In the last decade, esports have surged forward in public notoriety both on a professional and scholastic level. What we risk losing here if we do not change the tone of inclusion and diversity within the world of gaming, is insurmountable. How many talented and passionate young women will be lost or discouraged from even trying to pursue a higher education through esports by the mere statistics alone? During my time at Rutgers Esports, I was one of four girls on the executive board out of 33. That is coming from the largest student-run collegiate organization on the East Coast, and even with the efforts made before and after my time, that massive percentile of a difference still stands. I hear it day in and day out from my female friends, how they have suffered equally if not more so from unwarranted comments made on their appearance, voices, and especially their gender. It’s not simply “unfair” it’s sickening, and can’t be the future we allow the next generation to live through.

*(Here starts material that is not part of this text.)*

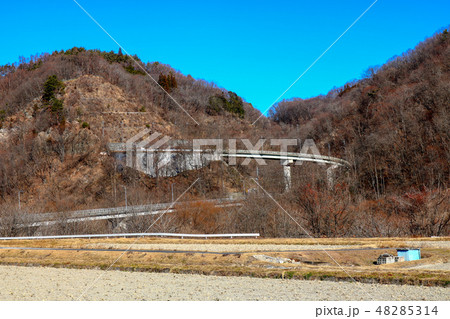 ■ 小淵沢ループ橋 ■ 快晴 ■ 山梨県 48285314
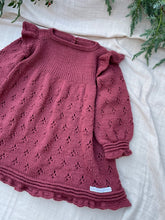 Load image into Gallery viewer, becharmed volangkjole, norsk strikkeoppskrift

It is not a new idea for me to want to change the gender inequality in esports. In fact, during my senior year at Rutgers, I was even given the opportunity to apply for an early consideration into a media-focused Ph.D program based on the cultural significance of gender bias in esports. That drive stems from something far more real than just experiencing the issue first hand, it is for the girls who are not even alive yet who are going to want to play video games in their youth. Who are going to grow up and want to pursue esports as a career and profession. We as a community cannot morally stand by and allow these girls to enter such a merciless status quo, where we overlook and excuse the “offhanded” comments male gamers make about women. The detriment done to their self-worth will be unthinkable with time, and I refuse it wholly. I refuse it as a minority, as a woman, and as a person. 

Change will never come from nothing. We have to make the space better with our own actions every day. It’s a tired saying, but how many of us actually practice it? If you hear your friend say something unintentionally horrible in the heat of the moment, correct them every single time until they unlearn it. If you see someone struggling to be heard, help amplify her voice. Gaming has come so far, and now more than ever we can offer life-changing opportunities to students through this medium. We can give them the social structure and life balance they’ll need in order to go beyond college successfully. But this future can not exist discriminately. We can’t allow it to. 

I’ll repeat my question from before, have you grown into someone your younger self would have respected? If not yet, when will you begin?